傲慢と手放し
ラジオを聴いていたら
「加齢による傲慢」というショッキングなワードが飛び込んできた。
老害と言う言葉を耳にする事があるが、それはまさにこの「加齢による傲慢」がピタリと当てはまる事に気がついた。年齢を重ねて素敵になる人と、そうでない人の違いは、この傲慢にあるようだ。
3年ほど前、哲学の勉強会へ参加した事がある。
参加者は、事前登録とカフェ代だけの徴収という軽い集まりで、20名弱の20代~70代の実に幅広い年齢層のメンバーだった。なんのヒエラルキーも無いフラットないい感じだった。
主催者が、
「最近、良かった事はなんですか?」
という問いを投げかけ、参加者は、皆の前で個人の経験を順番にシェアしていく。
その時の唯一のルールは、誰もその人のいう事を賛同も否定もしない、ただ傾聴するというものだ。
テーマが「良かった事」だったので、どの参加者の話を聞いても比較的優しい雰囲気で全体がまとまっていた。
「洗濯ものを彼が干しておいてくれた」
「玄関に花が飾ってあった」
「上司が仕事を褒めてくれた」
などなど思わずほっこりするエピソードが多かった。
そして、会の後半で70代の男性の番が回ってきた。
するとこの方は、
「友人を論破できた事が良かった」
と誇らしげに言った。
論破という表現が穏やかではなかったので司会者が
「どういう内容ですか?」と質問したところ彼は、こう話した。
「相手が手も足もでないように理論で追い詰めて悔しそうな顔をみた時に
”勝った”と確信した」
会のルール上、誰も彼に否定も賛同もしない。
ただ、場の空気感と同様に私は、こう思った。
「老害とは、この事だ。」と。
以前、仲良くしていたやはり70代の研究者のおじさんがいた。
彼は、とても頭の回転が早く、いかにもIQの高い方で、仕事もいいところにお勤めされた後、独立し今も現役で何かの商品を研究開発をしているそうだ。

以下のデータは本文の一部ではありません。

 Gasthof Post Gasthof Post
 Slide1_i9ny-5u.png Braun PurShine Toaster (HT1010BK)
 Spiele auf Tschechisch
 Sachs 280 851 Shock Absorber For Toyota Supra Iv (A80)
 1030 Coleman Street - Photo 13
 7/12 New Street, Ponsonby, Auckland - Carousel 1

ある時、ほんのひょんな事から、こちらの仕事の話になり、おじさんからの提案が法律に引っかかる可能性があったので、その提案をやんわりお断りしたことがある。
すると、彼は突然、「失礼じゃないか!」と態度を一変させた。
仲良くしていたと思っていたので、突然の豹変ぶりに驚きを隠せず、相手を傷つけたくない気持ちから謝る事を選択した。

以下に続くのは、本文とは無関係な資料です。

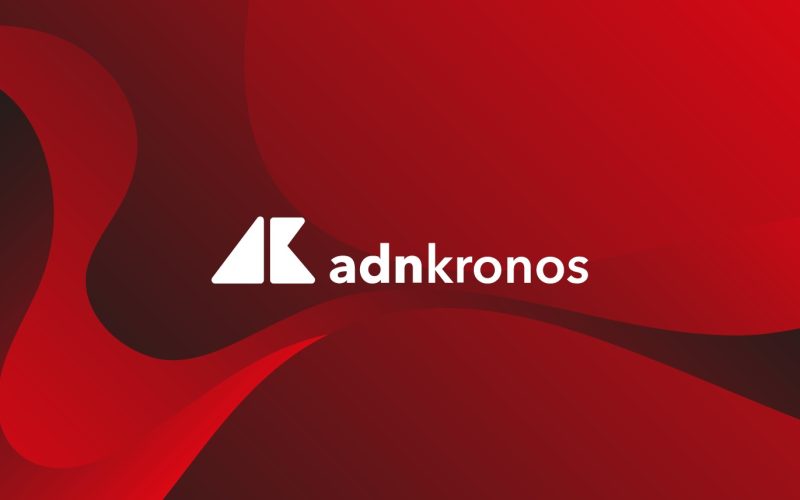 Intelligenza Artificiale guida le reti telecom, evento a Milano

しかし、こういう事が、度々あり、私は、もう謝る事に疲れてしまった。
そして、ある場面が蘇った。
哲学の会の高齢者の論破事件だ。
エリートの高齢者は、何故か、論破がお好きなようだ。
そこで私は、高齢者の論破に一つの仮説をたててみた。
①70代の方々が社会の中心で活躍していたころ、日本は経済大国と言われ、上司の命令にも従順に身を粉にして日本の経済を支えてきた。

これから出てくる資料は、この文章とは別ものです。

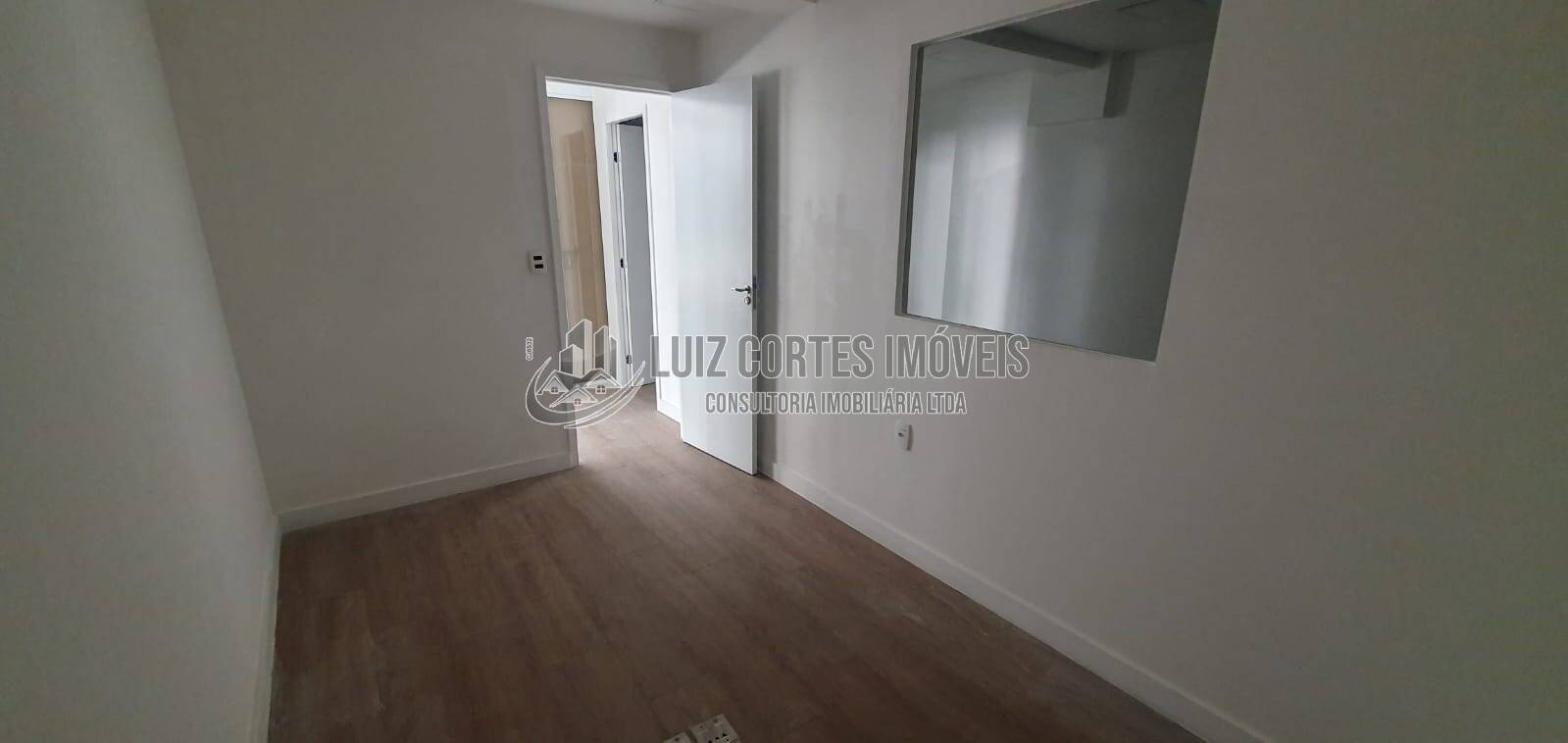 Loja-Salão à venda e aluguel, 101m² - Foto 44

②その過程の中で、上下の区別が明確で、目上の人には逆らわず、年下や女性には、敬意を払わなくても許される事が刷り込まれていく。
③この暗黙のルールにより、時代が女性蔑視発言を問題視する今でも無意識に発動されてしまう。オリンピックの元会長などが、家族に怒られないと自分の過ちに気が付けなかったのは、このいい例だ。
70代のご高齢者の方々が経験した「自分を捧げ、上司に対しては我慢するのが、当然。」という考えが、「自分達が上の立場にたったらそれを下の世代にしても許される」という考えをもたらす。
いわゆる、論破や蔑みのをする権利が、与えられているという集合意識かもしれない。
論破が好きなインテリの高齢者は、異なる意見を敗北として捉える風潮があり、これは、その時代の産物とすら思えてくる。
これが、「加齢による傲慢」だ。
いつの時代も若年層は、人生の先輩方に敬意を払ってきている。
しかし、その度合いや方法は、世代によって変化している。
間違った常識の上に生き続けている人は多い。
高齢の方々に対する敬意は、日本にも私の中にも存在するけれど、これ以上は無理だと思った時点で、論破し返さずに距離を取って身を守る作戦に変える事にしている。
我慢して、迎合する事には、発展性もいい人間関係も作らない。
誰かを論破して気持ちいいは、ただのエゴである。
手放して、軽やかに生きているご高齢の方も多いのだから、そういう人たちと豊かな時間を共有していきたいと思う。